INPUT DATA

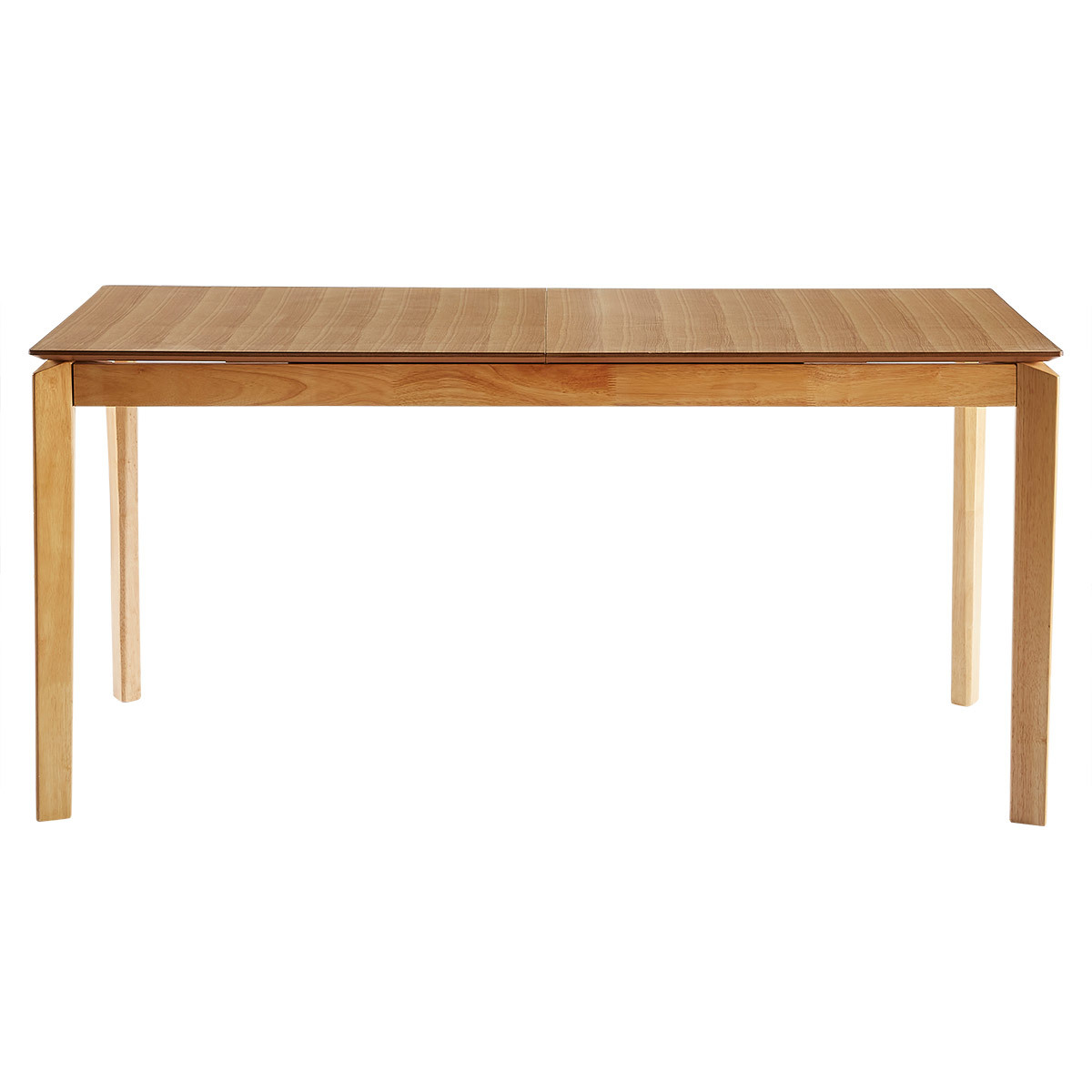 Table extensible rallonges intégrées rectangulaire en bois clair frêne L160-210 cm BONAVISTA naturel, MILIBOO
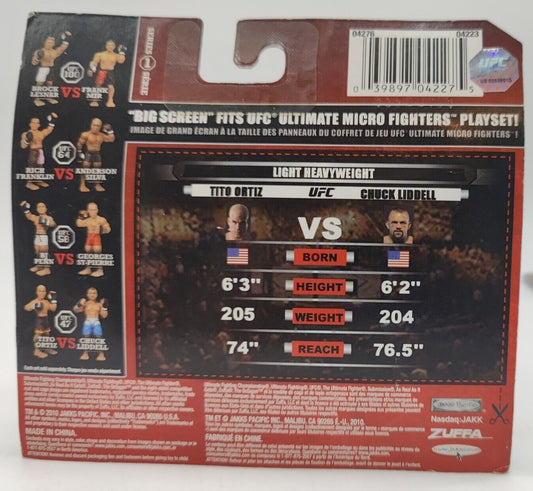 2010 Jakks Pacific UFC 47 Ultimate Micro Fighters Series 1: Tito Ortiz vs. Chuck Liddell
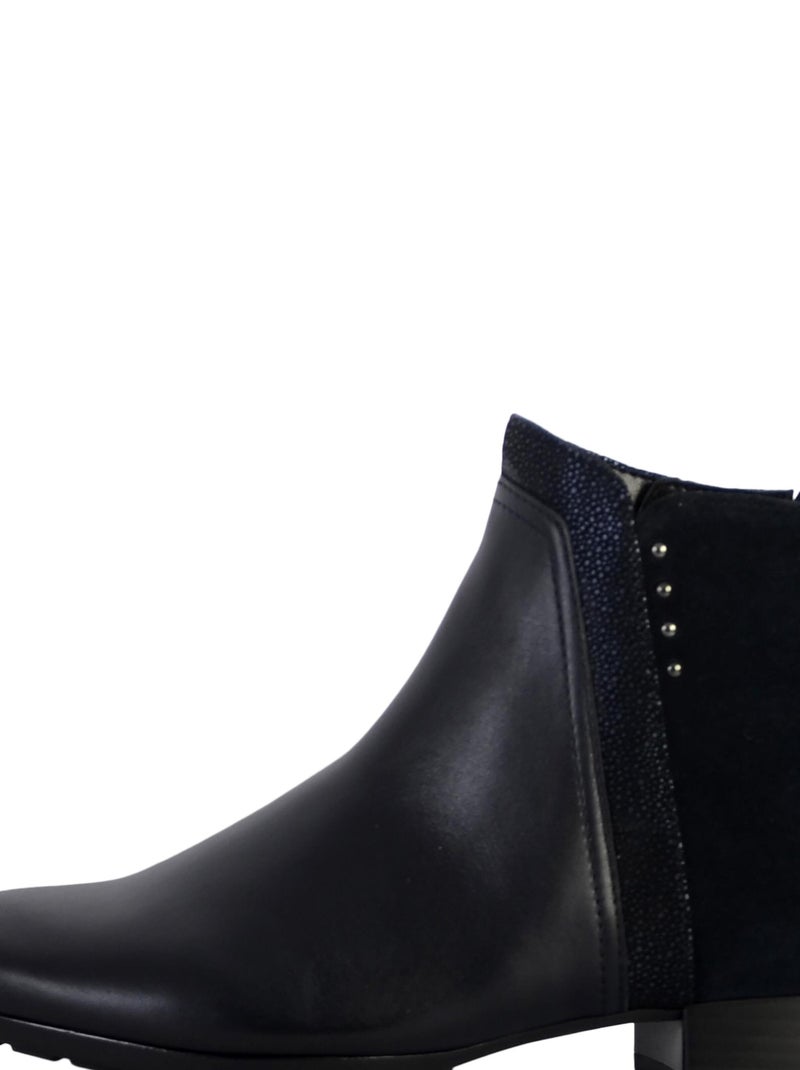Bottine Cuir Gabor Noir - Kiabi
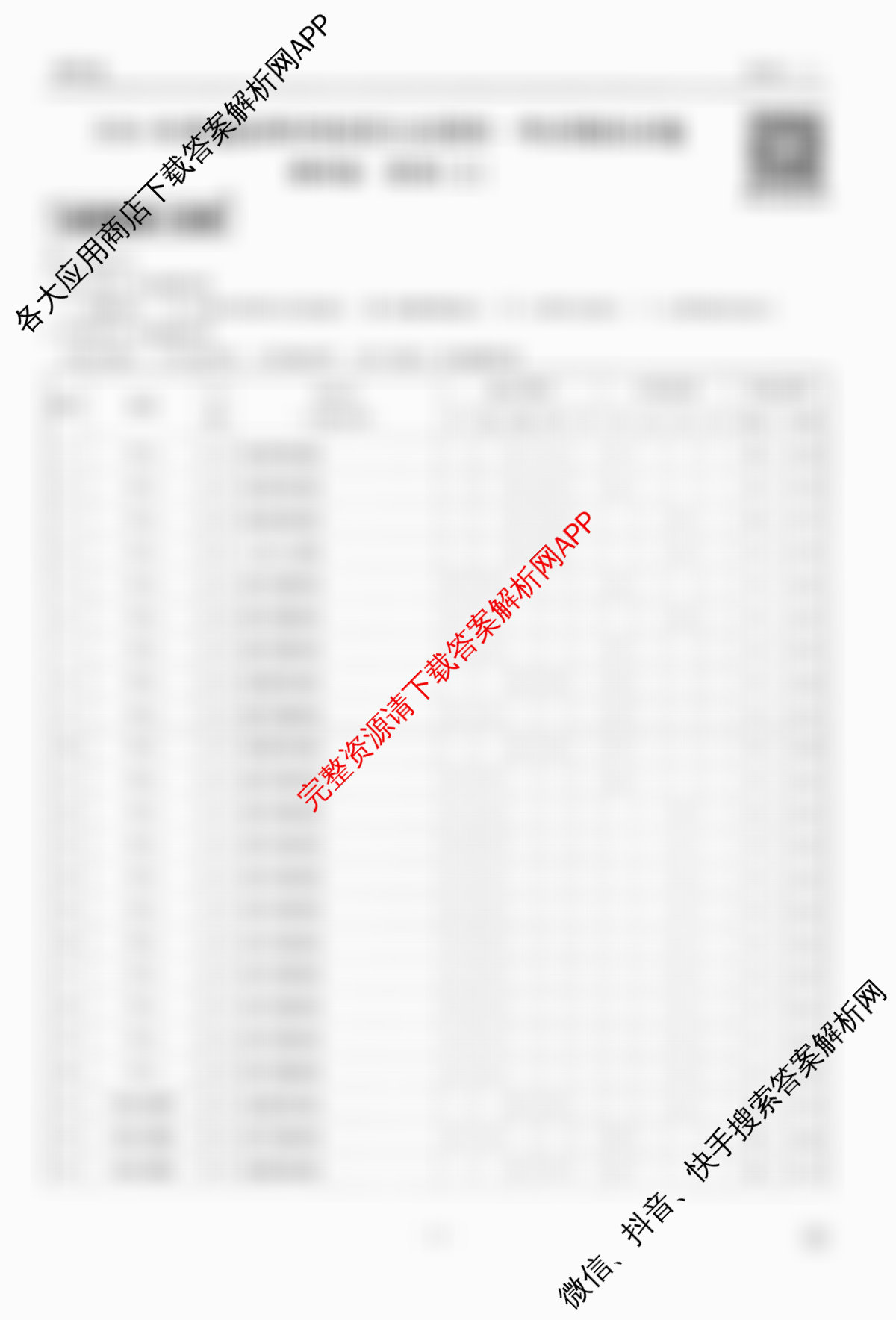 衡水金卷先享题调研卷2026年普通高等学校招生全国统一考试模拟试题(三)3各科答案及试卷（含历史(HU)、政治(MH)、生物(FJ)等91份）英语答案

WHAT THE EXERCISE ASKS
Repeat the material above in full and unchanged, minus its images.

RESPONSE
 Table extensible rallonges intégrées rectangulaire en bois clair frêne L160-210 cm BONAVISTA naturel, MILIBOO
 2010 Jakks Pacific UFC 47 Ultimate Micro Fighters Series 1: Tito Ortiz vs. Chuck Liddell
Bottine Cuir Gabor Noir - Kiabi
 衡水金卷先享题调研卷2026年普通高等学校招生全国统一考试模拟试题(三)3各科答案及试卷（含历史(HU)、政治(MH)、生物(FJ)等91份）英语答案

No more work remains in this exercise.